I posted like 10 mins after it happened. I was so worried!!


----------



## weekender2

If still limping later today I would go to the vet
They may just need to wrap it or something simple.
I think almost everyone who has a pet has accidentally 
Stepped on a paw or a tail.  Most of the time they are right under your feet 
Pup will be fine.


----------



## New Obsessions

weekender2 said:


> If still limping later today I would go to the vet
> They may just need to wrap it or something simple.
> I think almost everyone who has a pet has accidentally
> Stepped on a paw or a tail.  Most of the time they are right under your feet
> Pup will be fine.



Agreed.  You can also call the vet and ask what they think.  Puppy may just have a sore paw, but they may still want to examine it.  Also, find out if your vet has an on-call vet after hours you can reach or an animal hospital you can call for advice should something ever happen again during non-business hours.  It's a comfort to know who to call.  As other posters have said, this happens.  I trapped my cat's tail in the closet door once and the scream was one of the most awful things I ever heard.  I felt like the worst cat owner ever so I understand where you are coming from.  STOP BEATING YOURSELF UP!  It was an accident and one that can be hard to avoid.  I've kicked my cat by accident because she was underfoot.  I also pushed another cat off the bed in my sleep.  You are not a horrible person.  You are a VERY CARING person!!!  To me you would be a horrible person if you didn't care what happened, blamed the puppy for getting in your way and didn't tell your Mom!  Forgive yourself.  I'm sure the pup's forgiven you!


----------



## Cindi

It happens to everyone. I have stepped on my cat more than once when I was trying to get down the stairs and didn't see him sitting there. Most likely he will be just fine Just keep an eye on him. Also some pets are drama queens. My Greyhound screamed like he was being dismembered when he got his foot stuck between the couch cushions or stepped on his own tail but didn't make a sound when he cut himself on the fence and needed stitches.


----------



## oggers86

weekender2 said:
			
		

> I think almost everyone who has a pet has accidentally
> Stepped on a paw or a tail.  Most of the time they are right under your feet



Yes, only this morning did i nearly go flying and elsa get kicked accidently when she decided it was a good idea to get under my feet. They do it on purpose so you feel all guilty and they milk the attention. Or they are trying to kill you..probably depends on their mood that day and what you have done to upset them  

This probably only applies to cats and their sneaky underhand ways.


----------



## Sternchen

haha, thank you everyone!! Thank you for making me feel better 

The doggy gave me lots of kisses and wanted to play right after he woke up, so he must not hate me 

But we will keep an eye out and see how he is doing. I'll see him in a few hours when I pick my mom up, so I'll give him lots of kisses then, too


----------



## New Obsessions

oggers86 said:


> Yes, only this morning did i nearly go flying and elsa get kicked accidently when she decided it was a good idea to get under my feet. *They do it on purpose so you feel all guilty and they milk the attention. Or they are trying to kill you..probably depends on their mood that day and what you have done to upset them  *
> 
> This probably only applies to cats and their sneaky underhand ways.



 So true!!!  

I also love *Cindi's* comment that some pets are *drama queens*!


----------



## pmburk

Pets _are_ drama queens. Just this morning I accidentally stepped on the very edge of my cat's tail while stumbling in the dark to let him out of our bedroom, and you would have thought I amputated a leg.  Of course I feel terrible any time something like that happens, and I always make sure to hug him & apologize profusely, but usually it isn't a big deal and 5 minutes later they've forgotten all about it.

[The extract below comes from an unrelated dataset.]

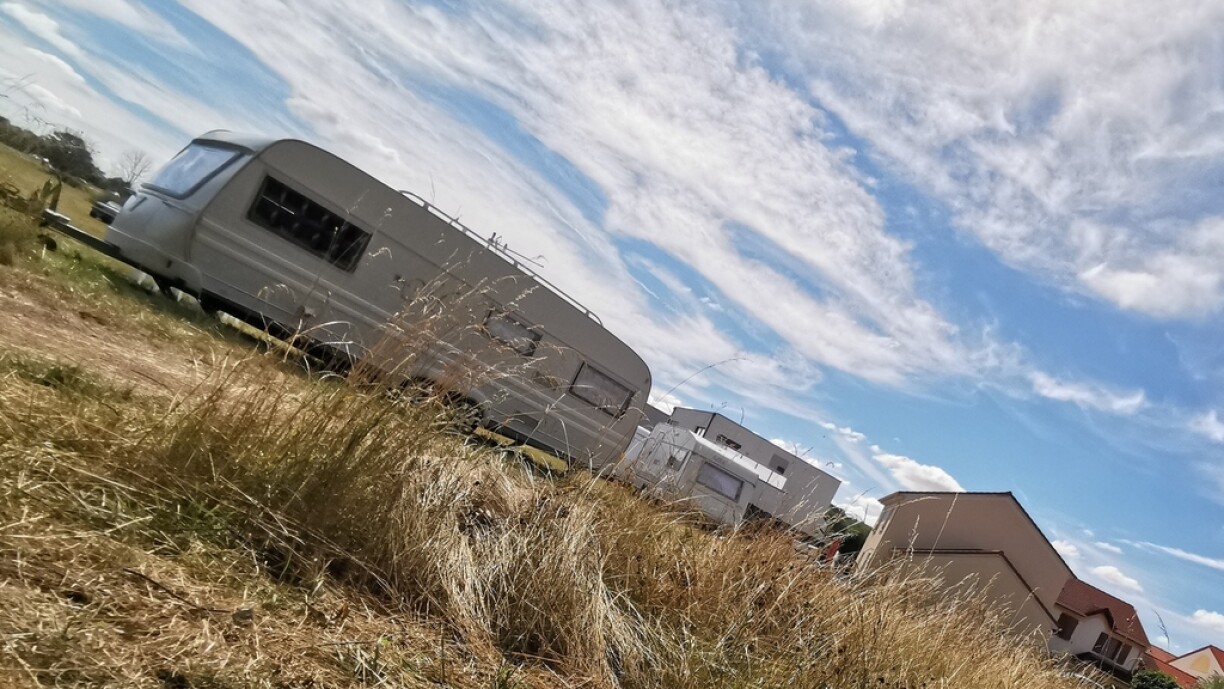 Des gens du voyage, installés sur un terrain de Veymerange, à l'entrée de Thionville, début juillet 2022.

Just keep an eye on it. If it was broken he probably would not have let you handle it without whining & crying. If he's still limping later on, then I would try the vet, otherwise I'm sure it is fine.


----------



## buzzytoes

I just stepped on one of my dogs' feet today and I have had her for nine years. Don't feel bad!! We have one dog who is a total drama queen - she will limp like she's dying and then you distract her with a ball and she is fine. Some pets are just more dramatic than others. 

P.S. Said drama queen has actually broken a toe before and that limping was much different than other accidents. If the pup is not putting any weight on the paw, like even when he is just standing around, I would be concerned. So long as the limping lessens and goes away by the next day you should be fine.


----------



## boxermom

If I had a nickel for everytime I've done it, I'd be wealthy. They get underfoot all the time. 

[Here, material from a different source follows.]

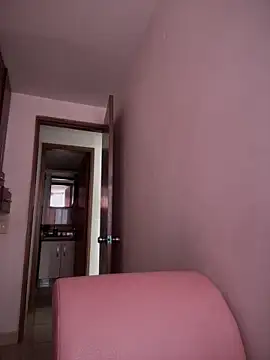 DulceLenns online show from October 30, 2025, 6:05 pm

Usually if something is broken, the dog simply won't use it. My guess is if it was broken, the pup would hold it up and hop on 3 legs. Of course, if it worsens or doesn't improve, see a vet. Probably no lasting harm, though.


----------



## Tyrin

The same thing happened to me but my baby sister stepped on my Yorkshire terriers paw and he is limping and not moving it and he's been acting crazy I don't know what happening to him !


----------



## chessmont

Tyrin said:


> The same thing happened to me but my baby sister stepped on my Yorkshire terriers paw and he is limping and not moving it and he's been acting crazy I don't know what happening to him !



Sounds like you should go to the vet...


----------



## poopsie

Tyrin said:


> The same thing happened to me but my baby sister stepped on my Yorkshire terriers paw and he is limping and not moving it and he's been acting crazy I don't know what happening to him !





chessmont said:


> Sounds like you should go to the vet...





and take the dog with you


----------



## Pessie

Tyrin said:


> The same thing happened to me but my baby sister stepped on my Yorkshire terriers paw and he is limping and not moving it and he's been acting crazy I don't know what happening to him !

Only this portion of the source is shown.